_TASK OBJECTIVE:_ Output all of the material beneath this line exactly as it is.

_RECORDS PROVIDED:_
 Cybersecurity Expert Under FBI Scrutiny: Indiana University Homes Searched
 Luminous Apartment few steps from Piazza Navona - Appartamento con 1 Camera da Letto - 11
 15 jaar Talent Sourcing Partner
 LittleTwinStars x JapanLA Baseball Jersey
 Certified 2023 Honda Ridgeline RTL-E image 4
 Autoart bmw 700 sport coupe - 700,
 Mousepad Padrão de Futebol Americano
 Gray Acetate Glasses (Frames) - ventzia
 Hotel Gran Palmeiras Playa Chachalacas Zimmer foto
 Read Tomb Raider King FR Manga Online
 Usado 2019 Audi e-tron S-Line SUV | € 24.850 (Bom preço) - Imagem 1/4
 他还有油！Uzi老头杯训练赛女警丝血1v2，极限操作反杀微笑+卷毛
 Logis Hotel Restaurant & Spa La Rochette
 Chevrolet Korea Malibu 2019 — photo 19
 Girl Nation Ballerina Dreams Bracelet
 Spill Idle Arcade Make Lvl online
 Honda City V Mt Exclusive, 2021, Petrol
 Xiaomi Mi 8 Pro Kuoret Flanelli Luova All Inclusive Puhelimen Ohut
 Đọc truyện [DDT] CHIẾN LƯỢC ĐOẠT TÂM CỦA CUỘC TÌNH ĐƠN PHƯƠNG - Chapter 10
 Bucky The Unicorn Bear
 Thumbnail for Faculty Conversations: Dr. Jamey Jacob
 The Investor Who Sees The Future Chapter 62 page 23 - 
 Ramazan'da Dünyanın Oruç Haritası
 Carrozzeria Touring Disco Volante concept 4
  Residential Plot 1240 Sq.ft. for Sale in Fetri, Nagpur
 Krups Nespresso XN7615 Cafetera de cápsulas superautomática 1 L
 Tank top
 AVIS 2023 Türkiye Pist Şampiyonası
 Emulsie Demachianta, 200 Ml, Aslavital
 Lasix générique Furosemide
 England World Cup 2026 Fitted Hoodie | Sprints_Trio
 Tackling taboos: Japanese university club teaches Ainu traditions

_RESULT OF THIS EXERCISE:_
 Cybersecurity Expert Under FBI Scrutiny: Indiana University Homes Searched
 Luminous Apartment few steps from Piazza Navona - Appartamento con 1 Camera da Letto - 11
 15 jaar Talent Sourcing Partner
 LittleTwinStars x JapanLA Baseball Jersey
 Certified 2023 Honda Ridgeline RTL-E image 4
 Autoart bmw 700 sport coupe - 700,
 Mousepad Padrão de Futebol Americano
 Gray Acetate Glasses (Frames) - ventzia
 Hotel Gran Palmeiras Playa Chachalacas Zimmer foto
 Read Tomb Raider King FR Manga Online
 Usado 2019 Audi e-tron S-Line SUV | € 24.850 (Bom preço) - Imagem 1/4
 他还有油！Uzi老头杯训练赛女警丝血1v2，极限操作反杀微笑+卷毛
 Logis Hotel Restaurant & Spa La Rochette
 Chevrolet Korea Malibu 2019 — photo 19
 Girl Nation Ballerina Dreams Bracelet
 Spill Idle Arcade Make Lvl online
 Honda City V Mt Exclusive, 2021, Petrol
 Xiaomi Mi 8 Pro Kuoret Flanelli Luova All Inclusive Puhelimen Ohut
 Đọc truyện [DDT] CHIẾN LƯỢC ĐOẠT TÂM CỦA CUỘC TÌNH ĐƠN PHƯƠNG - Chapter 10
 Bucky The Unicorn Bear
 Thumbnail for Faculty Conversations: Dr. Jamey Jacob
 The Investor Who Sees The Future Chapter 62 page 23 - 
 Ramazan'da Dünyanın Oruç Haritası
 Carrozzeria Touring Disco Volante concept 4
  Residential Plot 1240 Sq.ft. for Sale in Fetri, Nagpur
 Krups Nespresso XN7615 Cafetera de cápsulas superautomática 1 L
 Tank top
 AVIS 2023 Türkiye Pist Şampiyonası
 Emulsie Demachianta, 200 Ml, Aslavital
 Lasix générique Furosemide
 England World Cup 2026 Fitted Hoodie | Sprints_Trio
 Tackling taboos: Japanese university club teaches Ainu traditions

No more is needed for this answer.